Accordingly, the flexible hose 20A, the water feed tube 19A and the header 18A are purged as only nitrogen gas is supplied, and residual water in the water spray device and the piping line connected thereto is all released from the spray nozzles 17a to 17f. When the purging is completed, the solenoid opening/closing valve 42 is closed and the solenoid opening/closing valve 40 is then closed, thus shutting off the supply of nitrogen gas to the header 18A. Thus, water droplets dripping are completely prevented even at the end of the water feeding process, and water feed can be safety stopped. At the same time, no water drops remain in the water feed channel at the beginning of the next spray process, preventing steam explosion.

Moreover, an inactive gas such as, for example, nitrogen gas, is used as a purge gas, so that inactive gas stays at the bottom of the molten iron ladles 5A and 5B during purging. The inactive gas can also lower the oxygen concentration in the molten iron ladle 5A.

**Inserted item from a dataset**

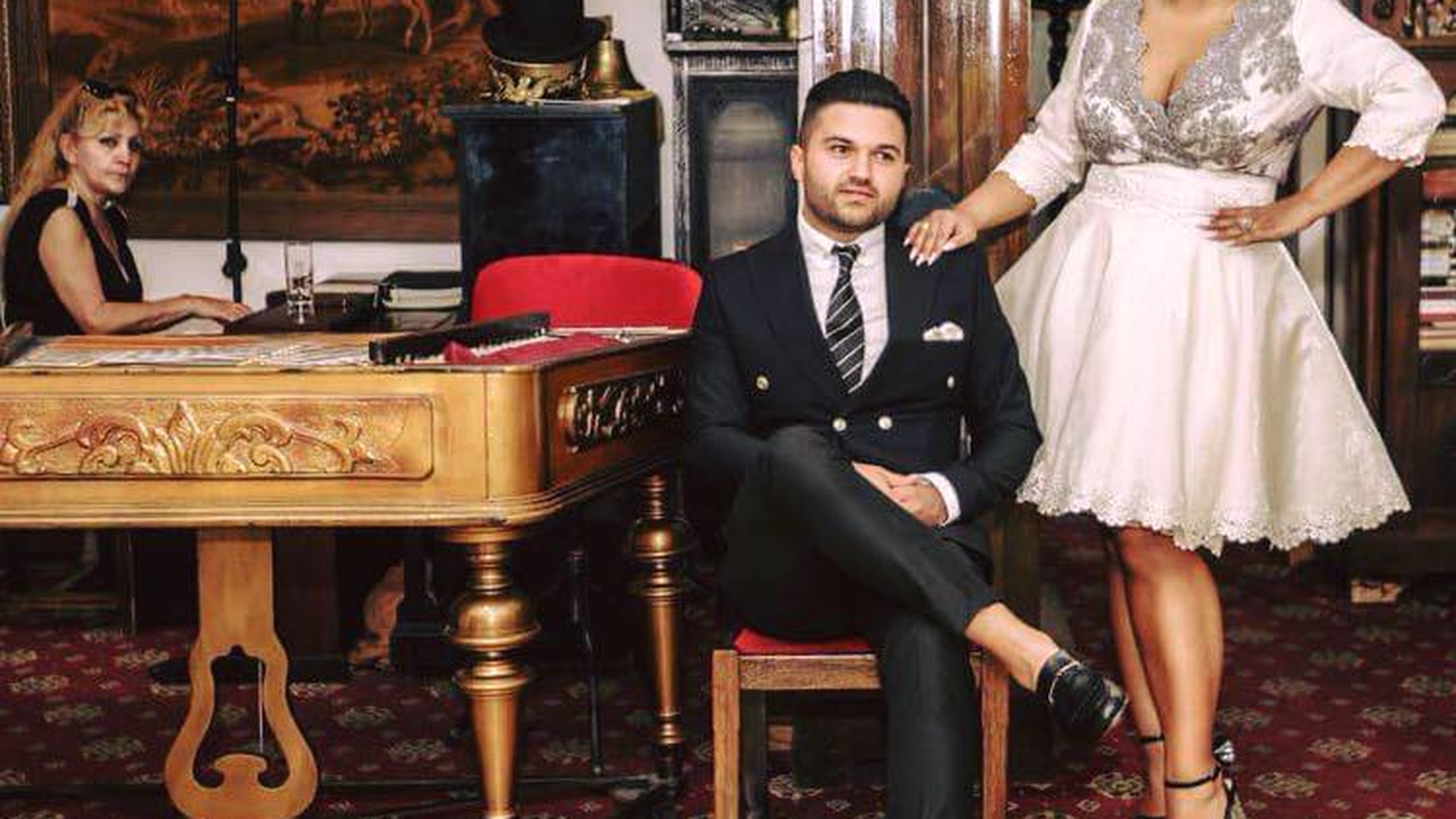 Soțul cântăreței Bianca Rus, primele declarații după ce a fost acuzat că ar fi bătut-o și i-ar fi furat aurul! Adevăratul motiv al divorțului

When molten iron is being poured from the torpedo car 2B into the molten iron ladle 5B at the platform 1B, the hood truck 8 is moved to face the molten iron ladle 5B as shown in the chain line shown in FIG. 1. In this state, the square cylinder 16 is rotated clockwise in FIG. 4 by the rotating mechanism 21 of the water spray device 13. The spray nozzles 17a to 17f of the header 18B, as shown in the chain line in FIG. 1, face a molten iron flow from the torpedo car 2B with an inclination of about 60°C relative to the horizontal surface. Water feed is controlled in this state as described above, so that oxygen concentration in the molten iron ladle 5B can be controlled at about 12% or below, preferably about 8% or below, and the generation of fume dust can be restrained or prevented.

In the above-noted embodiments, the generation of fume dust is restrained or prevented when molten iron is being poured from the torpedo cars 2A and 2B into the molten iron ladle 5A or 5B. However, the prevention of fume dust is not limited to this. As shown in FIG. 10, when molten iron which is flowing out from a furnace along a molten iron trough 50 is being poured into the torpedo car 2A or 2B as a vessel through a molten iron trough 51, the generation of fume dust may be restrained or prevented by locating the water spray device 13 to let the spray nozzle face the molten iron flow at the pouring mouth of the torpedo car 2A or 2B. As shown in FIG. 11, when molten iron or steel is discharged from a ladle 60 into a molten iron or steel trough 61 as a vessel and is furthermore poured from the molten iron or steel trough 61 into a pig casting machine 62 as another vessel, each spray nozzle 63 and 64 is provided at a pouring location between the ladle 60 and the molten iron trough 61 and a pouring location between the molten iron or steel trough 61 and the pig casting machine 62, respectively. A molten iron or steel surface, in other words, a molten iron flow route herein is covered with steam by feeding water to control oxygen concentration near the molten iron flow at about 12% or below, thus restraining and preventing fume dust. Additionally, the present invention is applicable during the pouring process of predetermined molten iron or molten steel into a vessel such as a ladle, trough and casting, including the pouring process of molten iron from a molten iron ladle into a converter and the pouring process of molten steel from a converter to a ladle.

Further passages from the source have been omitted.